Given all the incentive she needed, Caroline cheerfully said, “Son of a bitch. Son of a bitch.”
Kathleen said, “Caroline, those are grown-up words. Don’t say that.”
“Don’t say that?” she said.
“No,” I reinforced. “Don’t say that.”
“Damn it,” she muttered and went back to her toys. “Dammit dammit dammit.”
Oh yeah. That Father of the Year award’s looking pretty shakey.
PAD
I channel surfed past a clip of Jeff Foxworthy at around the same time I was trying to think of what I’d do for my next “But I Digress.”
And I put the two together.
You know his whole “You might be a redneck..” thing? Like, “If your parents met at a family reunion, you might be a redneck.” Well, Skrulls have green necks, which is close. So here’s the challenge: In the spirit of Jeff Foxworthy, come up with those little hints that might make you come to the realization that you might well be a Skrull. If I get enough of them, I’ll make a column out of it.
PAD
UPDATE 9/14–I’M NOT SURE WHY THIS ENTRY DOUBLE POSTED, BUT SINCE WE’VE REPLIES TO BOTH, I’M NOT SURE THAT WE CAN CONSOLIDATE THEM. SO FOR SANITY’S SAKE, PLEASE POST YOUR RESPONSES TO THIS ONE AND IGNORE THE ONE BELOW. IF GLENN CAN WORK HIS MAGIC TO PUT THEM TOGETHER, I’M SURE HE WILL. (Further update: Glenn has locked the comments thread on the other one while he tries to figure out how to migrate them here. Glenn will aslo stop talking about himself in third person any minute now. –GH)
I channel surfed past a clip of Jeff Foxworthy at around the same time I was trying to think of what I’d do for my next “But I Digress.”
And I put the two together.
You know his whole “You might be a redneck..” thing? Like, “If your parents met at a family reunion, you might be a redneck.” Well, Skrulls have green necks, which is close. So here’s the challenge: In the spirit of Jeff Foxworthy, come up with those little hints that might make you come to the realization that you might well be a Skrull. If I get enough of them, I’ll make a column out of it.
PAD
So we had a low key birthday for Kathleen today. I let her sleep as late as she wanted, and in the afternoon we went out to a local Renfair (we may go to the big one in Tuxedo, NY next Saturday; haven’t decided yet.)
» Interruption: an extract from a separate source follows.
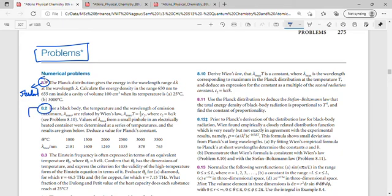Likewise, we can find answers for every numerical problem in the textbook. So if we use both the student solution manual and the instructor solution manual for the 8th edition of Atkins Physical Chemistry, we can solve every question in the 8th edition textbook. Thank you.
Tonight after dinner and her birthday cake we’re going to throw one of her birthday presents into the DVD player–the “Saviour of the Universe” edition of one of her favorite kitschy films, “Flash Gordon.”
It’s little celebrations like this that just serve to remind me of how lucky I am to have her in my life.
PAD
I was sitting at my table in Artists Alley signing away, which is pretty much what I was doing whenever I wasn’t on a panel or heading to or from a panel. And someone brought me copies of “Friendly Neighborhood Spider-Man” to autograph.
And there was Ringo’s signature on several of the covers.
I just stared at them. It took a long tme for me to be able to pick up my marker and write my name as well.
It was the first time that I’d ever found myself looking at the autograph of a co-worker on a series who’d passed away…certainly a co-worker who was younger than I.
I still have no earthly idea why it wasn’t the other way around. That it wasn’t the health-conscious Mike who was looking at my signature while I, who’d been carrying so much extra weight for so long, had succumbed to the heart attack I’d so blithely invited.
I know it’s one of those things where you’re just supposed to believe there’s a reason for all this. More and more, though, I’m moved to think that it’s just further proof that life is random, unpredictable, and unfair. Then again, as William Goldman wrote in “The Princess Bride,” No one ever said life is fair. It’s just fairer than death, that’s all.